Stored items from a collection
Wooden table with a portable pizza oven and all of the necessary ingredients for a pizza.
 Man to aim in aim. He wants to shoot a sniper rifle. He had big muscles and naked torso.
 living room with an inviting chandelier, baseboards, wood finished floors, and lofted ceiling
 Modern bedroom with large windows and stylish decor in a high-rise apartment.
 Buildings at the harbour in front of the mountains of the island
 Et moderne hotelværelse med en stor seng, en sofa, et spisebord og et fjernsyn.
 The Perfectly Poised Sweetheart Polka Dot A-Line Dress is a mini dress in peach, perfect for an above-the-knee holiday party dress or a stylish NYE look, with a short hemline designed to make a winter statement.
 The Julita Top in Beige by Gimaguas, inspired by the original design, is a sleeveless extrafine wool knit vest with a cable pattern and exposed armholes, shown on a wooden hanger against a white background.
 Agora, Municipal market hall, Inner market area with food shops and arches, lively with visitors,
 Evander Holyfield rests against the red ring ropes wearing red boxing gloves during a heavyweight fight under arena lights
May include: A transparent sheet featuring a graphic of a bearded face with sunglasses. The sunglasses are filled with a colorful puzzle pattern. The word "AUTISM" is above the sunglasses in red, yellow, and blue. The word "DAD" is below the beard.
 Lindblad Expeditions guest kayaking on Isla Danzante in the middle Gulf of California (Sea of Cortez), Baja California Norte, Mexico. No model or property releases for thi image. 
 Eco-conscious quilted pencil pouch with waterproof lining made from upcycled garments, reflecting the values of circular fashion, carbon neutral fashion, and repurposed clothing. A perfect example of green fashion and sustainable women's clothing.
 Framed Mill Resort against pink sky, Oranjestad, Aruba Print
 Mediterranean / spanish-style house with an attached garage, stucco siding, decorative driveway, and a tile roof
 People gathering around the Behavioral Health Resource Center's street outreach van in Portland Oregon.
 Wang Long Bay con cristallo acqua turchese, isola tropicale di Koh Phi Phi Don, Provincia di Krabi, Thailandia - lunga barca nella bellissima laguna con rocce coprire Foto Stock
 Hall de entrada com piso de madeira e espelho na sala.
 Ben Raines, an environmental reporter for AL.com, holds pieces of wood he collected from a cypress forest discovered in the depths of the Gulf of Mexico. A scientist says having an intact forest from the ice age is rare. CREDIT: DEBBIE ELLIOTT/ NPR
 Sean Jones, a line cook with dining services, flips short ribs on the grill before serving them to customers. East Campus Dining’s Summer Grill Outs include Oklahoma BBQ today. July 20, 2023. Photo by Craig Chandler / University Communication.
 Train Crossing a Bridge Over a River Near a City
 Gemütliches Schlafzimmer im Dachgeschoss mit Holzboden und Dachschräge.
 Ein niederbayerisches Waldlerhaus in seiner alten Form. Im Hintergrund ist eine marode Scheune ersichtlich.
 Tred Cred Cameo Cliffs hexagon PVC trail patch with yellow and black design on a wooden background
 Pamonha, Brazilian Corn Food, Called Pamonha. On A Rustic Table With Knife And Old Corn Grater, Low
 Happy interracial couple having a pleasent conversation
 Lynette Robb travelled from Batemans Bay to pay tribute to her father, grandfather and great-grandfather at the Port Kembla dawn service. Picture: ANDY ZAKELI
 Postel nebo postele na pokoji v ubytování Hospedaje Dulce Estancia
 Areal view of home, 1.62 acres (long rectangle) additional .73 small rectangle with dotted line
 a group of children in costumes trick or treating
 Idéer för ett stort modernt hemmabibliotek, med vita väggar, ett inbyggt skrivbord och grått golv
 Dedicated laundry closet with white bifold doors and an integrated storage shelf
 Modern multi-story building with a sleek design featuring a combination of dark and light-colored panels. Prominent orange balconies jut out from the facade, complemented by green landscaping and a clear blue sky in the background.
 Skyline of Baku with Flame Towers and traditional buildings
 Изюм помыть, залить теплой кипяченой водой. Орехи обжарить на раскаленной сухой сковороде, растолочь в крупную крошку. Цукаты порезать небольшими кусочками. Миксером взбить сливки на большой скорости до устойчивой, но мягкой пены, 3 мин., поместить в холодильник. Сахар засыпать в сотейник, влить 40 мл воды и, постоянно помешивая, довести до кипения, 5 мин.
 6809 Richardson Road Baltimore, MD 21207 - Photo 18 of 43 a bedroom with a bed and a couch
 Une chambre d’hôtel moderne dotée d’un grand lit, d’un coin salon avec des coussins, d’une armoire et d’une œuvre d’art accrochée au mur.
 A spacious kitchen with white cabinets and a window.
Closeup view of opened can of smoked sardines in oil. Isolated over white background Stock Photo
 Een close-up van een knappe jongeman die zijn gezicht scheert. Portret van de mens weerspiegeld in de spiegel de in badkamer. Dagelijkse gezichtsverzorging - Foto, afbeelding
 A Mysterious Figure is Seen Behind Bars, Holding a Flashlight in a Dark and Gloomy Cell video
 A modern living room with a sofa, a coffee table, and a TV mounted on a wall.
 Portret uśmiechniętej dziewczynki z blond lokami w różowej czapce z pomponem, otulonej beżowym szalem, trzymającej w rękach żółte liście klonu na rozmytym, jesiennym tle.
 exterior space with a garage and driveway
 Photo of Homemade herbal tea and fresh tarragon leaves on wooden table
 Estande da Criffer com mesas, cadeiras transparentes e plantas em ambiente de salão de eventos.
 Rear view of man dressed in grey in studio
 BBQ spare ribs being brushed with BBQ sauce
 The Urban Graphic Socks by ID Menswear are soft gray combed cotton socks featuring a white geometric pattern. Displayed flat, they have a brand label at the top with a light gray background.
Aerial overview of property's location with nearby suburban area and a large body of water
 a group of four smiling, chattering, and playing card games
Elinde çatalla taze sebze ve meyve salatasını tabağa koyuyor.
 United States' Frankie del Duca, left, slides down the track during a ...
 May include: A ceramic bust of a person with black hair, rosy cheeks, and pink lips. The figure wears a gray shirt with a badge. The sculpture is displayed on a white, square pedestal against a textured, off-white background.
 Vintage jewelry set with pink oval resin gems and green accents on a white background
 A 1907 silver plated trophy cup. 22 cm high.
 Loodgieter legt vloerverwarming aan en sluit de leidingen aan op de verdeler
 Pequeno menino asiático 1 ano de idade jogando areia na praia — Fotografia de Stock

Problem requirements
For every record above, print an exact copy.

Task result
Wooden table with a portable pizza oven and all of the necessary ingredients for a pizza.
 Man to aim in aim. He wants to shoot a sniper rifle. He had big muscles and naked torso.
 living room with an inviting chandelier, baseboards, wood finished floors, and lofted ceiling
 Modern bedroom with large windows and stylish decor in a high-rise apartment.
 Buildings at the harbour in front of the mountains of the island
 Et moderne hotelværelse med en stor seng, en sofa, et spisebord og et fjernsyn.
 The Perfectly Poised Sweetheart Polka Dot A-Line Dress is a mini dress in peach, perfect for an above-the-knee holiday party dress or a stylish NYE look, with a short hemline designed to make a winter statement.
 The Julita Top in Beige by Gimaguas, inspired by the original design, is a sleeveless extrafine wool knit vest with a cable pattern and exposed armholes, shown on a wooden hanger against a white background.
 Agora, Municipal market hall, Inner market area with food shops and arches, lively with visitors,
 Evander Holyfield rests against the red ring ropes wearing red boxing gloves during a heavyweight fight under arena lights
May include: A transparent sheet featuring a graphic of a bearded face with sunglasses. The sunglasses are filled with a colorful puzzle pattern. The word "AUTISM" is above the sunglasses in red, yellow, and blue. The word "DAD" is below the beard.
 Lindblad Expeditions guest kayaking on Isla Danzante in the middle Gulf of California (Sea of Cortez), Baja California Norte, Mexico. No model or property releases for thi image. 
 Eco-conscious quilted pencil pouch with waterproof lining made from upcycled garments, reflecting the values of circular fashion, carbon neutral fashion, and repurposed clothing. A perfect example of green fashion and sustainable women's clothing.
 Framed Mill Resort against pink sky, Oranjestad, Aruba Print
 Mediterranean / spanish-style house with an attached garage, stucco siding, decorative driveway, and a tile roof
 People gathering around the Behavioral Health Resource Center's street outreach van in Portland Oregon.
 Wang Long Bay con cristallo acqua turchese, isola tropicale di Koh Phi Phi Don, Provincia di Krabi, Thailandia - lunga barca nella bellissima laguna con rocce coprire Foto Stock
 Hall de entrada com piso de madeira e espelho na sala.
 Ben Raines, an environmental reporter for AL.com, holds pieces of wood he collected from a cypress forest discovered in the depths of the Gulf of Mexico. A scientist says having an intact forest from the ice age is rare. CREDIT: DEBBIE ELLIOTT/ NPR
 Sean Jones, a line cook with dining services, flips short ribs on the grill before serving them to customers. East Campus Dining’s Summer Grill Outs include Oklahoma BBQ today. July 20, 2023. Photo by Craig Chandler / University Communication.
 Train Crossing a Bridge Over a River Near a City
 Gemütliches Schlafzimmer im Dachgeschoss mit Holzboden und Dachschräge.
 Ein niederbayerisches Waldlerhaus in seiner alten Form. Im Hintergrund ist eine marode Scheune ersichtlich.
 Tred Cred Cameo Cliffs hexagon PVC trail patch with yellow and black design on a wooden background
 Pamonha, Brazilian Corn Food, Called Pamonha. On A Rustic Table With Knife And Old Corn Grater, Low
 Happy interracial couple having a pleasent conversation
 Lynette Robb travelled from Batemans Bay to pay tribute to her father, grandfather and great-grandfather at the Port Kembla dawn service. Picture: ANDY ZAKELI
 Postel nebo postele na pokoji v ubytování Hospedaje Dulce Estancia
 Areal view of home, 1.62 acres (long rectangle) additional .73 small rectangle with dotted line
 a group of children in costumes trick or treating
 Idéer för ett stort modernt hemmabibliotek, med vita väggar, ett inbyggt skrivbord och grått golv
 Dedicated laundry closet with white bifold doors and an integrated storage shelf
 Modern multi-story building with a sleek design featuring a combination of dark and light-colored panels. Prominent orange balconies jut out from the facade, complemented by green landscaping and a clear blue sky in the background.
 Skyline of Baku with Flame Towers and traditional buildings
 Изюм помыть, залить теплой кипяченой водой. Орехи обжарить на раскаленной сухой сковороде, растолочь в крупную крошку. Цукаты порезать небольшими кусочками. Миксером взбить сливки на большой скорости до устойчивой, но мягкой пены, 3 мин., поместить в холодильник. Сахар засыпать в сотейник, влить 40 мл воды и, постоянно помешивая, довести до кипения, 5 мин.
 6809 Richardson Road Baltimore, MD 21207 - Photo 18 of 43 a bedroom with a bed and a couch
 Une chambre d’hôtel moderne dotée d’un grand lit, d’un coin salon avec des coussins, d’une armoire et d’une œuvre d’art accrochée au mur.
 A spacious kitchen with white cabinets and a window.
Closeup view of opened can of smoked sardines in oil. Isolated over white background Stock Photo
 Een close-up van een knappe jongeman die zijn gezicht scheert. Portret van de mens weerspiegeld in de spiegel de in badkamer. Dagelijkse gezichtsverzorging - Foto, afbeelding
 A Mysterious Figure is Seen Behind Bars, Holding a Flashlight in a Dark and Gloomy Cell video
 A modern living room with a sofa, a coffee table, and a TV mounted on a wall.
 Portret uśmiechniętej dziewczynki z blond lokami w różowej czapce z pomponem, otulonej beżowym szalem, trzymającej w rękach żółte liście klonu na rozmytym, jesiennym tle.
 exterior space with a garage and driveway
 Photo of Homemade herbal tea and fresh tarragon leaves on wooden table
 Estande da Criffer com mesas, cadeiras transparentes e plantas em ambiente de salão de eventos.
 Rear view of man dressed in grey in studio
 BBQ spare ribs being brushed with BBQ sauce
 The Urban Graphic Socks by ID Menswear are soft gray combed cotton socks featuring a white geometric pattern. Displayed flat, they have a brand label at the top with a light gray background.
Aerial overview of property's location with nearby suburban area and a large body of water
 a group of four smiling, chattering, and playing card games
Elinde çatalla taze sebze ve meyve salatasını tabağa koyuyor.
 United States' Frankie del Duca, left, slides down the track during a ...
 May include: A ceramic bust of a person with black hair, rosy cheeks, and pink lips. The figure wears a gray shirt with a badge. The sculpture is displayed on a white, square pedestal against a textured, off-white background.
 Vintage jewelry set with pink oval resin gems and green accents on a white background
 A 1907 silver plated trophy cup. 22 cm high.
 Loodgieter legt vloerverwarming aan en sluit de leidingen aan op de verdeler
 Pequeno menino asiático 1 ano de idade jogando areia na praia — Fotografia de Stock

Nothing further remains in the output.